“He doesn’t show any signs of stopping”: Visiting the Marcus Rashford Mural in Manchester

One of our community reporters, Lesley Downing from Bury, has paid a visit to the Marcus Rashford mural in South Manchester and shares her thoughts below.

We went to see the Marcus Rashford mural on Sunday. Just wanted to share the moment, and post a message.

I was surprised by how modest it was, just down a side street off an ordinary shopping street in Withington. Modest and ordinary.

Photo – Lesley Downing

We got there mid-afternoon and only stayed for about ten minutes. When we arrived there were around 15 people standing back, taking photos and selfies, reading the messages. There was a respectful hush, not silence, but quiet, reflective, similar to the mood you get in a cathedral, where people stand in wonder and share their thoughts and impressions.

The messages, now spilling onto the street, necessitating the closure of the road, ranged from individual post-its, through hand-written messages on cardboard, to poster size banners compiled by primary school children and their teachers. All messages of love, support, respect, gratitude and…. well awe.






Marcus Rashford is 23. From a fairly normal, but challenging background he has grown into a world-class footballer and a nationally and internationally recognized campaigner for the underprivileged and vulnerable.

So – world-class footballer, from early childhood he has lived and breathed the sport. To paraphrase Jimmy Anderson, eat, practice, sleep, repeat. That is how he lives his life. Every single minute of that commitment has led him to play for one of the most prestigious teams in the world, and for England, World Cup and Euros.

But that wasn’t enough for him. He watched his mother struggle to keep her family fed and clothed. He’s now probably one of the richest 23-year-olds in this country. It didn’t sit right.

In 2019 he helped set up the ‘In the Box’ campaign with Selfridges, to provide essential items for the homeless over Christmas. Then he went out with his mother and helped deliver them around GM.

In March 2020 he went along to Fareshare to make a donation, spoke to their CEO and decided just giving his money wasn’t enough and decided to lend his full support. This resulted in over £20m being raised, which help feed children not just in GM, but nationally.

But still not enough, so he personally took on the government, resulting in changes of policy on providing free school meals.

He has received plaudits from many corners of the globe, including Barak Obama, and has been awarded the MBE. And he doesn’t show any signs of stopping.

So, July 11th 2021. He steps up, volunteers, puts himself forward for the most perilous task in his beloved game.

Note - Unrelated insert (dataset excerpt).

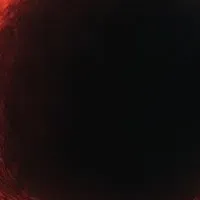 新曲「Raw eclipse」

Afterwards, the team, manager, media and I am sure the vast majority of fans support him in his anguish and self-criticism.

And one individual, who stands up for nothing and remains anonymous because they are unwilling to be known, chooses to scrawl demeaning epithets on his mural.

Street artist Akse repairing the mural earlier this month – photo by Bob Alston

They are saying now that it was not racially motivated. I have not mentioned once in this piece that Marcus is black. He is an incredible human being and an absolutely brilliant role model for all children, all people. And he has achieved all this as a black man in an often hostile environment. He has probably received racist abuse countless times all through his career – which started age 6. And he has stood up, and stood tall, proud of what he is and what he has achieved.

And he has done more for vulnerable children, black, white, Jewish, Muslim, Christian than can be properly be understood. It isn’t just the money, the food, it’s the awe-inspiring powerful message he sends out, just by what he does, every day, with every fibre of his being. A black man in a white world.

The messages on the mural, the people leaving them and admiring them, were from all backgrounds, races, religions, ages. The defacement was a single act of miserable hate. Slink away little person.

Just as we left four teenage black girls were gigglingly taking selfies of themselves and Marcus, a somewhat ordinary and modest boy. Their hero.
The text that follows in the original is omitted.